Platinum Is The Metal To Own Right Now

The palladium price has not taken a break yet.

Palladium is in a relentless bull market. The price of the silvery-gray metal soared in early 2016. The price more than doubled since then, and it shows little sign of slowing down.

You can see what I mean in the chart below:

Automobile demand is the sole driver of this market. Cars consume 80% of the palladium supply. It’s used in catalytic converters — the big, blocky things that sit behind the exhaust pipe. The palladium converts pollutants in exhaust into less harmful compounds.

That used to be a role platinum served. However, platinum prices soared, so car makers turned to palladium.

Platinum remains the favorite catalyst for diesel cars, but gas-powered cars use palladium. And there’s a bull market in gasoline engines…

Today, an ounce of palladium costs more than an ounce of platinum. That’s the first time since 2001.

Remember, a good natural resource investor is a contrarian.
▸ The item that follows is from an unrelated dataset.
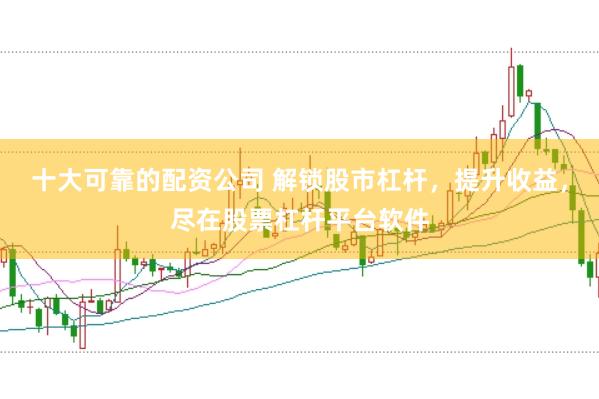 十大可靠的配资公司 解锁股市杠杆，提升收益，尽在股票杠杆平台软件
While palladium prices soared this year, platinum has not.

That’s why the juice for investors today is in platinum.

Historically, you could buy an ounce of palladium with just half an ounce of platinum. You could also buy an ounce of gold with just three-quarters of an ounce of platinum.

Today, that’s reversed. It would cost you over an ounce of platinum to buy an ounce of palladium. It would cost you a whopping 1.4 ounces of platinum to buy an ounce of gold.

As I wrote in June:

The problem is that platinum’s supply is dwindling, while gold is not. Platinum can be recovered from industrial processes by recycling … but it isn’t 100% effective, so we’re losing platinum every year.

All this data points us toward platinum as the metal to own right now.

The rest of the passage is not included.